Позитивные сдвиги в социальном положении и культуре народных масс в 30-40-е гг. касались лишь отдельных условий повседневной жизненной обстановки — здравоохранения, образования, распространения городского быта.

При всей своей значимости эти сдвиги не завершили перехода к современным, цивилизованным формам социальнокультурного обслуживания и быта.

В революции культурной продолжалось великое дело, начатое революцией социальной, — уничтожение прежней, изжившей себя сословности, исторически закрепившегося в России полусредневекового разделения общества на “народ” и “верхи”, “культурные слои”, живущие как бы на разных ступенях цивилизации.

Крушение царизма, победа Октября, Гражданская война привели к политической ликвидации старой сословности, создали политические предпосылки для устранения ее остатков в социально-культурной среде. Но только преобразования 30—40-х гг. всерьез двинули страну по пути фактического преодоления цивилизационного разрыва в повседневной жизни, в быту, в привычках.

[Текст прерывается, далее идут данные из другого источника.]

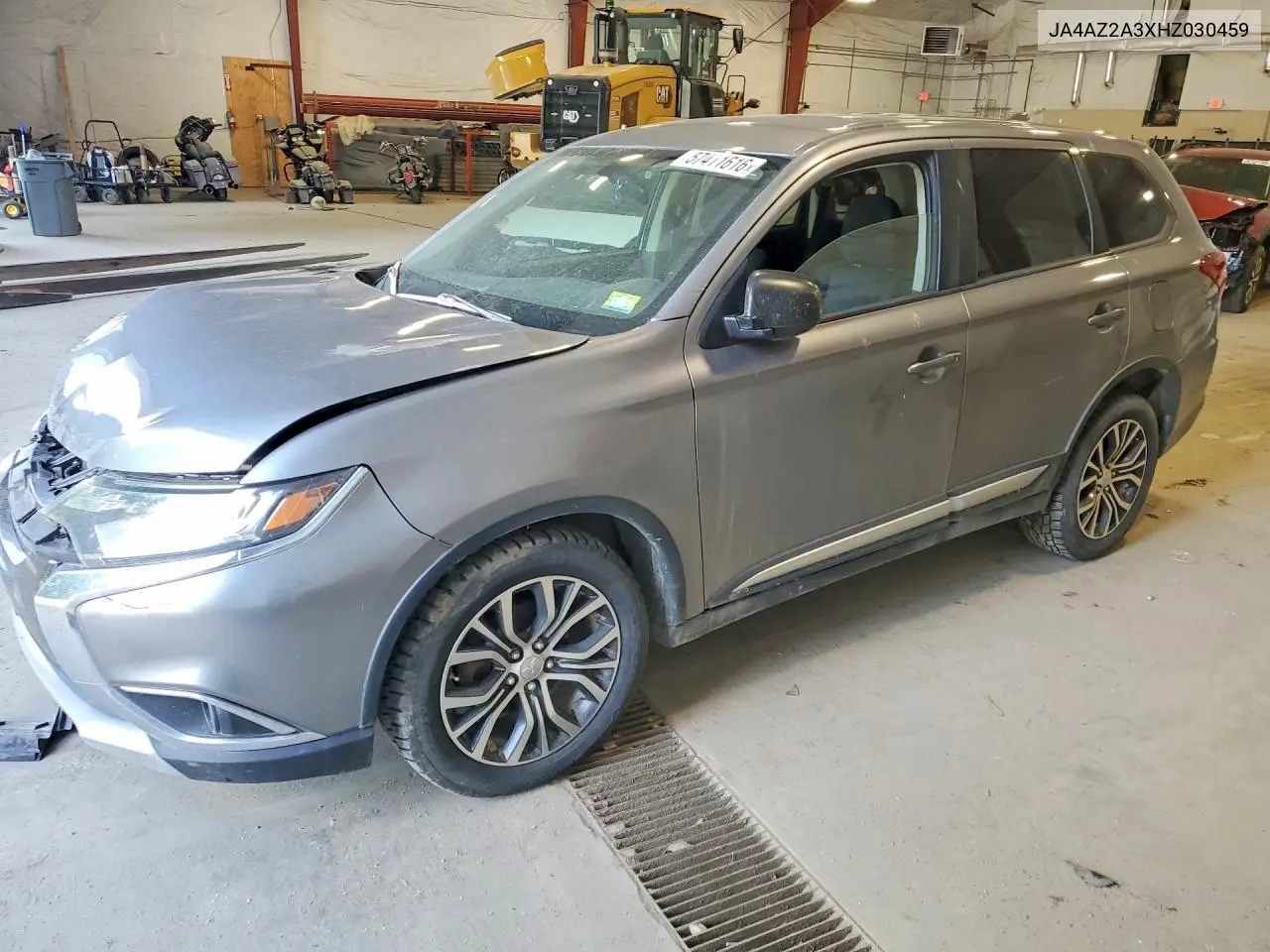2017 Mitsubishi Outlander Es VIN: JA4AZ2A3XHZ030459 Lot: 57411616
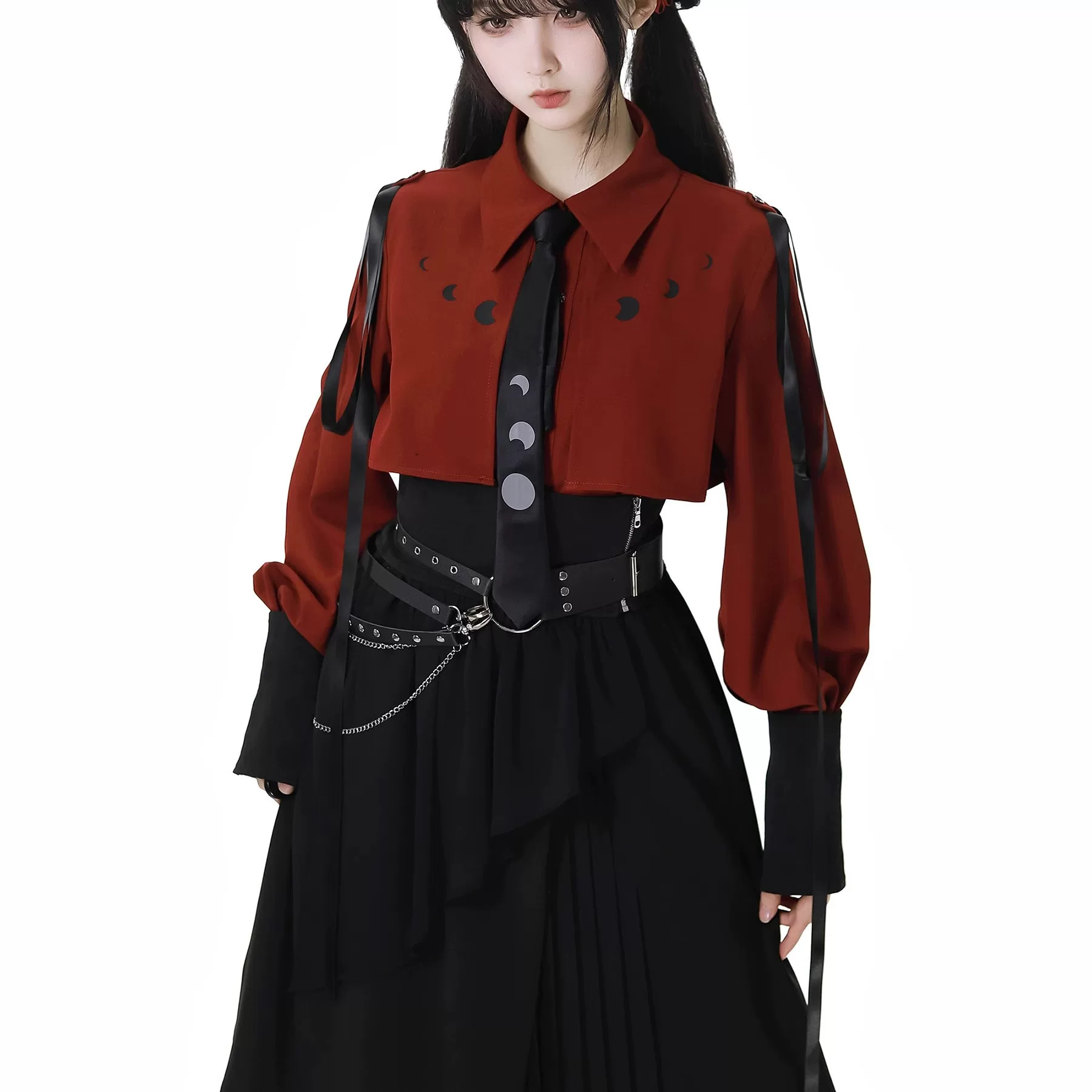 Shirt, skirt, set, Hanfu, Chinese style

Переход советского общества к современной городской и индустриальной культуре не завершился в годы первых пятилеток. Это произошло двумя-тремя десятилетиями позднее. Однако здесь, как и в промышленности, был достигнут качественный сдвиг, пройдена переломная точка в процессе становления современных форм культуры, социального обслуживания, воспитания подрастающих поколений.